> **Task inputs**:

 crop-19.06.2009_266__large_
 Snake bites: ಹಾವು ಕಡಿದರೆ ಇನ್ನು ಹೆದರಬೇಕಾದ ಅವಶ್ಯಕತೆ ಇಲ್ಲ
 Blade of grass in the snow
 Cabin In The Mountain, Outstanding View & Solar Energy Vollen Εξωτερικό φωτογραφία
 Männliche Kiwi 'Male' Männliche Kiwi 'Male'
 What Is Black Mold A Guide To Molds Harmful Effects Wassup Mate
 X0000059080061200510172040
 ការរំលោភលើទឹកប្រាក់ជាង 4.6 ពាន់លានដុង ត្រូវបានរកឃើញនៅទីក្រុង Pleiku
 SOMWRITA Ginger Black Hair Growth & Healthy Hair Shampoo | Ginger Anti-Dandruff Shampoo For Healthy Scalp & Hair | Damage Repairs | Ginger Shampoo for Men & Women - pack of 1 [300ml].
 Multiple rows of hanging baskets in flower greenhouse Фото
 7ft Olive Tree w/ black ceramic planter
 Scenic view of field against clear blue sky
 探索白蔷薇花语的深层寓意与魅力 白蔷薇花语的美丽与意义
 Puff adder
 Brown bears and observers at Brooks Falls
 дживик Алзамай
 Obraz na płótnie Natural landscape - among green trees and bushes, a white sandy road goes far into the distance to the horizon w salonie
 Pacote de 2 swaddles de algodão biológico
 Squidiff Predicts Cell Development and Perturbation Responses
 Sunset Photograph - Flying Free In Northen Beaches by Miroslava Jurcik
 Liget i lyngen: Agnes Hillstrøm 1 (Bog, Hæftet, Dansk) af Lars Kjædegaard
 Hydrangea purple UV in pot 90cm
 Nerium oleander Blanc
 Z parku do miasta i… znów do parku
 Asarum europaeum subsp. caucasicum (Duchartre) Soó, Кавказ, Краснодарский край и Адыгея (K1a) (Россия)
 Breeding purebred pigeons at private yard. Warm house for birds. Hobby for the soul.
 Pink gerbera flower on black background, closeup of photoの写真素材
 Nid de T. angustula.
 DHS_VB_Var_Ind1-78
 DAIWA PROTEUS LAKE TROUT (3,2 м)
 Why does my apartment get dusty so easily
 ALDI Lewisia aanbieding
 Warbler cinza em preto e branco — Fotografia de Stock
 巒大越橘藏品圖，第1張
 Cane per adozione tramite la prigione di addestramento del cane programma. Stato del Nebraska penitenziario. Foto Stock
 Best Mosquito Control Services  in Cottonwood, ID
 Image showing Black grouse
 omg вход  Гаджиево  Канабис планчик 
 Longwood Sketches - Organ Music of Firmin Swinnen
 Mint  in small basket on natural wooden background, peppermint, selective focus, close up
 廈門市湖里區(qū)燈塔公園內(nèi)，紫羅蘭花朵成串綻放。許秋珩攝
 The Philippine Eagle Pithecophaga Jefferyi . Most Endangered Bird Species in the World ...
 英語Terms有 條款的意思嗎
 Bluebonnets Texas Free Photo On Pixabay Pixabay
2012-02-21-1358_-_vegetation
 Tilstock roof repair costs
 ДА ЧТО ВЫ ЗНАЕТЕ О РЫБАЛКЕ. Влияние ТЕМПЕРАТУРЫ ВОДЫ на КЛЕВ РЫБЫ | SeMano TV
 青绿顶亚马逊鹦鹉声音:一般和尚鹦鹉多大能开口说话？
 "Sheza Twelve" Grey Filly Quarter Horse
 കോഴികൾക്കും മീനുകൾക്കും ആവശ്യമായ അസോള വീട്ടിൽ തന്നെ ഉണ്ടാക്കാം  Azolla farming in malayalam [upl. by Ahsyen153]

> **Task brief**: Taking the records above, retype every line from the one with "Z parku do miasta i… znów do parku" down to the one with "ALDI Lewisia aanbieding", exactly and with nothing else.

> **Completed exercise**:
 Z parku do miasta i… znów do parku
 Asarum europaeum subsp. caucasicum (Duchartre) Soó, Кавказ, Краснодарский край и Адыгея (K1a) (Россия)
 Breeding purebred pigeons at private yard. Warm house for birds. Hobby for the soul.
 Pink gerbera flower on black background, closeup of photoの写真素材
 Nid de T. angustula.
 DHS_VB_Var_Ind1-78
 DAIWA PROTEUS LAKE TROUT (3,2 м)
 Why does my apartment get dusty so easily
 ALDI Lewisia aanbieding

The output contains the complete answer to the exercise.